[Aim of the task]: From the listing below, copy only the lines running from the line that contains "Boné Astroworld (Travis Scott)" to the line that contains "New Desk Novelty", both included.

[Data for the task]:

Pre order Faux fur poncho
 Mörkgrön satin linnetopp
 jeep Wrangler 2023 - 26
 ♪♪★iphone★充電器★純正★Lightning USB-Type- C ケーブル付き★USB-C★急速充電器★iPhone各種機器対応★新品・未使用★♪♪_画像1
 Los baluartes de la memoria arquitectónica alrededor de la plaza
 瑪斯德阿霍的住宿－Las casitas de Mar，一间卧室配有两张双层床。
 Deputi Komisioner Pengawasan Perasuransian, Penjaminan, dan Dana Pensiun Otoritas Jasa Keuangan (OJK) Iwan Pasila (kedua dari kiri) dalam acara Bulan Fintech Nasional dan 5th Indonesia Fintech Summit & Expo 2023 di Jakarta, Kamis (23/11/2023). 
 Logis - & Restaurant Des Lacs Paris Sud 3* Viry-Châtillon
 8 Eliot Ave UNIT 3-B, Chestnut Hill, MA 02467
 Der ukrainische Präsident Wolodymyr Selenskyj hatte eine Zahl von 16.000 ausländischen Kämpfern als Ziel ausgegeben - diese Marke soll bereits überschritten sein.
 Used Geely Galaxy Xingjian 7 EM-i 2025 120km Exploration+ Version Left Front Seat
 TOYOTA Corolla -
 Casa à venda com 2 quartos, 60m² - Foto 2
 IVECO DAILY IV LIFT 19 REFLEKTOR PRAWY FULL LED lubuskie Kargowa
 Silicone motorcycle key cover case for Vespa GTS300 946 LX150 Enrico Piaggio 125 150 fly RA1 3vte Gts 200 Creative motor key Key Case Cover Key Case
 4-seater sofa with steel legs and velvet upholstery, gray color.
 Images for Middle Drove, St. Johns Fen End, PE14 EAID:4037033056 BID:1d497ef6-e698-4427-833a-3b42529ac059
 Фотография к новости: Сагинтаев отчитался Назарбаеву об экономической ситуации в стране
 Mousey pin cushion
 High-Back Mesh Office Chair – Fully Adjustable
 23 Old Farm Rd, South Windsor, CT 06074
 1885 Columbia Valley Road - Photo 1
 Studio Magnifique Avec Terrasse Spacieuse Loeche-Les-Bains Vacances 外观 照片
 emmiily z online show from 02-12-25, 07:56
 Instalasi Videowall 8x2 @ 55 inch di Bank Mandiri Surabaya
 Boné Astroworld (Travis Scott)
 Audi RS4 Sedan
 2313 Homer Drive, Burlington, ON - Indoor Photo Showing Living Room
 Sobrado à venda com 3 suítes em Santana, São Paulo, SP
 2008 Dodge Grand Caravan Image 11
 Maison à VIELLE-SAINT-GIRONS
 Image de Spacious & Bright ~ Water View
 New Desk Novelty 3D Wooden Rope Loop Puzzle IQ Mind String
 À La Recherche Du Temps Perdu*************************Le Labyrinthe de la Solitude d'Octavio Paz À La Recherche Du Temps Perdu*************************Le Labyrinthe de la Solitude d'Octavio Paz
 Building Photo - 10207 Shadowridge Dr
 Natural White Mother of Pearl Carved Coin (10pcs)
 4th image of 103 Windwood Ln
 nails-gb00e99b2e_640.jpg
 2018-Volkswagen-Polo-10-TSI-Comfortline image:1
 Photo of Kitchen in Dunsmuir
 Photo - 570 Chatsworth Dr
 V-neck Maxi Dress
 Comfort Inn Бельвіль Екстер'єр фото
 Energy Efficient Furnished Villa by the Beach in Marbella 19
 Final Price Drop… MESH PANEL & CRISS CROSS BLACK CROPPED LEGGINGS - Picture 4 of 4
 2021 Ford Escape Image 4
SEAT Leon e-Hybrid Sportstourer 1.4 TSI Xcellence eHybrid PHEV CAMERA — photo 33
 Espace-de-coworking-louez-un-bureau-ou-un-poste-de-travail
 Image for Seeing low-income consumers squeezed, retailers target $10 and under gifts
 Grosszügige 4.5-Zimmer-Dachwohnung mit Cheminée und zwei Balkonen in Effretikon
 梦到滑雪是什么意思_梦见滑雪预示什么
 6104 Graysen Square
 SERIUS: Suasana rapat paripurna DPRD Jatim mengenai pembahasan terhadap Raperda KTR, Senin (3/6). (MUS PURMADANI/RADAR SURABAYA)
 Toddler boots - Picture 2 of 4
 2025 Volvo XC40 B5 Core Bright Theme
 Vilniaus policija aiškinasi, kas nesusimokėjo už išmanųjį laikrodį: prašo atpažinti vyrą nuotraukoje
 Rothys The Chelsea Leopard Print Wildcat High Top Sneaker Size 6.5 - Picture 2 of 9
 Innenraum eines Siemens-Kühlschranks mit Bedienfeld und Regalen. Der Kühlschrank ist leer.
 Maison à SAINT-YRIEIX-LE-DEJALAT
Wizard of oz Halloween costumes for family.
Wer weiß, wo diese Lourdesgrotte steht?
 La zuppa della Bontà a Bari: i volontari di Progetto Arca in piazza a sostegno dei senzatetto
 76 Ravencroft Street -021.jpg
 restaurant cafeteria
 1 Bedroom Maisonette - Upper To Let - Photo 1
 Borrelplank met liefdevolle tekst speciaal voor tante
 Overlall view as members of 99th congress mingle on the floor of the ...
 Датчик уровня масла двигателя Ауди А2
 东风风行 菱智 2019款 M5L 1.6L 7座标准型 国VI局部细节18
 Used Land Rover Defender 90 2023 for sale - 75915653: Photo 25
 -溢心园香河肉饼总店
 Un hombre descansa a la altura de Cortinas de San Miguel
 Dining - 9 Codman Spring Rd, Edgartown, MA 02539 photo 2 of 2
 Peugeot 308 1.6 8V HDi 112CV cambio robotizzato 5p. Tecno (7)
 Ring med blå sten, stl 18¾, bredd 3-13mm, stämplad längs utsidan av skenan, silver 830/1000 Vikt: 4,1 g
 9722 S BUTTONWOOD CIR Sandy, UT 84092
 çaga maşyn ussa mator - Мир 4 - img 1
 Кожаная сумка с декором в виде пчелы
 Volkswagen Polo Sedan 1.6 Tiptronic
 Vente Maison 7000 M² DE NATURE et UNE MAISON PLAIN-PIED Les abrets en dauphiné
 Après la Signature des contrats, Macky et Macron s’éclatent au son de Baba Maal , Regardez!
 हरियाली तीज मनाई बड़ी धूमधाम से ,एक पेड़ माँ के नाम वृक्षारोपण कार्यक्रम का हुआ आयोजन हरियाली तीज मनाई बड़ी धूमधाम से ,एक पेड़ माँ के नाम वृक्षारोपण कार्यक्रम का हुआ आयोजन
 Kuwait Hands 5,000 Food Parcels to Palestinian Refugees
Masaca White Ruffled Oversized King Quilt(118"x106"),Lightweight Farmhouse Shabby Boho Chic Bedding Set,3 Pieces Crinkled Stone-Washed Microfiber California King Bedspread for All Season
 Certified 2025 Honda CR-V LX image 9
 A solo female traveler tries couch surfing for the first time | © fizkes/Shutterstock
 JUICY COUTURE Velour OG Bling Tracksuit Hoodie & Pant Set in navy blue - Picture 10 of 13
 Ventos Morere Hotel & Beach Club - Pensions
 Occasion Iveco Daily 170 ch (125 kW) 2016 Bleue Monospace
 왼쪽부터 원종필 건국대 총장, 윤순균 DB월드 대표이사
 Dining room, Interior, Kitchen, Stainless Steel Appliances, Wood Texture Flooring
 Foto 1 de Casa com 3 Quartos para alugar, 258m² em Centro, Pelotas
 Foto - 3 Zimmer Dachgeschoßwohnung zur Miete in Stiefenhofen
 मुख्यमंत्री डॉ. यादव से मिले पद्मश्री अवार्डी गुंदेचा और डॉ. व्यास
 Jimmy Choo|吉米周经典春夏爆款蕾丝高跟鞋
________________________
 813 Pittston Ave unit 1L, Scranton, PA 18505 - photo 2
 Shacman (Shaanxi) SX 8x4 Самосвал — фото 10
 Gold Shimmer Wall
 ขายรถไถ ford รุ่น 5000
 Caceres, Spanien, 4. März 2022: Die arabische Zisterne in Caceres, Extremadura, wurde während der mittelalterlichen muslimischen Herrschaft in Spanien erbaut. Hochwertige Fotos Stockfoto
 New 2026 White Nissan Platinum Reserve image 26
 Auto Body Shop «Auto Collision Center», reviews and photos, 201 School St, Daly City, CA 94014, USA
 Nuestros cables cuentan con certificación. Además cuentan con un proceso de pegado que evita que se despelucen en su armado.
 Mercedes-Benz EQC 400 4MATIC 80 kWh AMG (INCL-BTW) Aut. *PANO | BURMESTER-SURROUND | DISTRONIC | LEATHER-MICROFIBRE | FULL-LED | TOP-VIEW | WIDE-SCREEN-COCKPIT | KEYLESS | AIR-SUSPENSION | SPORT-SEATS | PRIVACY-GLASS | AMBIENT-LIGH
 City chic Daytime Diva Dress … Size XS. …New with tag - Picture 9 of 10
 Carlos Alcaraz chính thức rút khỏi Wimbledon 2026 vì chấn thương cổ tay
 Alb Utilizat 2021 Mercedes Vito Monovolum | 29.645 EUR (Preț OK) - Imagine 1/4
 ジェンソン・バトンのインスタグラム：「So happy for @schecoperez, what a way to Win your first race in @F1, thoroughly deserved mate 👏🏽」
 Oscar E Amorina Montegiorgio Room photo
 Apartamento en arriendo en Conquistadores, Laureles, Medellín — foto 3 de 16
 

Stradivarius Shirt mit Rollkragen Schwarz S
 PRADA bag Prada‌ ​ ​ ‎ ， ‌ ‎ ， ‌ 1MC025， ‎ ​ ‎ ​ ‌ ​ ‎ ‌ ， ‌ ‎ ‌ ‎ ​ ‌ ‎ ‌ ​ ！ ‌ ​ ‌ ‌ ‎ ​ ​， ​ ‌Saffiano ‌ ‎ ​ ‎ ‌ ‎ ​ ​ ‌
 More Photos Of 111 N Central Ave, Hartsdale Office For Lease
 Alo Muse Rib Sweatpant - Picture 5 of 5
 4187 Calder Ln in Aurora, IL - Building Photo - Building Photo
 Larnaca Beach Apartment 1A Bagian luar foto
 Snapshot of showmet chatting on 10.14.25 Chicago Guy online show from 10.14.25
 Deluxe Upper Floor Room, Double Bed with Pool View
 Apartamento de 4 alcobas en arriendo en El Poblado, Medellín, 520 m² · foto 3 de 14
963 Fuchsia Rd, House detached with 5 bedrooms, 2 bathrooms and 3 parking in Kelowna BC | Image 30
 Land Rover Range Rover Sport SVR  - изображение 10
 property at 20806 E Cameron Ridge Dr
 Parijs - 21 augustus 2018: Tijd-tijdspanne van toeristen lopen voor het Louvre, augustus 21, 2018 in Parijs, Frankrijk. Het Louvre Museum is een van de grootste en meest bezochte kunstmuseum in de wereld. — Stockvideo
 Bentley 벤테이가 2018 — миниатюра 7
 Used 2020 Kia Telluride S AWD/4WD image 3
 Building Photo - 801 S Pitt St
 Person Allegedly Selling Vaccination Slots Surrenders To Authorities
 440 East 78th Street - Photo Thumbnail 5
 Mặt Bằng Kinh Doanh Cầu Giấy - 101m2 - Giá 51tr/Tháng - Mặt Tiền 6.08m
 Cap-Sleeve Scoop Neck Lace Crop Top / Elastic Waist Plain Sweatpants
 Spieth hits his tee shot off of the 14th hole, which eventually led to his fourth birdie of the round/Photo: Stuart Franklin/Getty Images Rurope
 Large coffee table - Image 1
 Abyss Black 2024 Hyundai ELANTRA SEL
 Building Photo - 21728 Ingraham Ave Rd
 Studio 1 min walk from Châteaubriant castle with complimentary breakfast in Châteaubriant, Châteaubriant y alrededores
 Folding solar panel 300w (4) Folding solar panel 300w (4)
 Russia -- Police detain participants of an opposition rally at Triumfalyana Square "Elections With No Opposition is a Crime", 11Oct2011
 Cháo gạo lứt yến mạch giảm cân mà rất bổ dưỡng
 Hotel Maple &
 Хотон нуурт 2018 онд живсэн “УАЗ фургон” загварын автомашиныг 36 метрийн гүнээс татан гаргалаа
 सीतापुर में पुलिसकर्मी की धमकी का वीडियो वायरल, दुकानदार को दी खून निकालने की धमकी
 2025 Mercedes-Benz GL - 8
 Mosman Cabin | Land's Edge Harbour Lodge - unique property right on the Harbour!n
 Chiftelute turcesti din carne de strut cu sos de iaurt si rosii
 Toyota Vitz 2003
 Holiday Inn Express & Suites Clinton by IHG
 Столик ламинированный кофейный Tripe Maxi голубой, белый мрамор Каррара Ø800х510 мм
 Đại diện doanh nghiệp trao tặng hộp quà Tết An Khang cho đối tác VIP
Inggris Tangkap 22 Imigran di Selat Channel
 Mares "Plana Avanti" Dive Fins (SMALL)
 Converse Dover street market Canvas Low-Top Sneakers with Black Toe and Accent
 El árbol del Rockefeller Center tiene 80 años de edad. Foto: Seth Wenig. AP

[Exercise response]:
 Boné Astroworld (Travis Scott)
 Audi RS4 Sedan
 2313 Homer Drive, Burlington, ON - Indoor Photo Showing Living Room
 Sobrado à venda com 3 suítes em Santana, São Paulo, SP
 2008 Dodge Grand Caravan Image 11
 Maison à VIELLE-SAINT-GIRONS
 Image de Spacious & Bright ~ Water View
 New Desk Novelty 3D Wooden Rope Loop Puzzle IQ Mind String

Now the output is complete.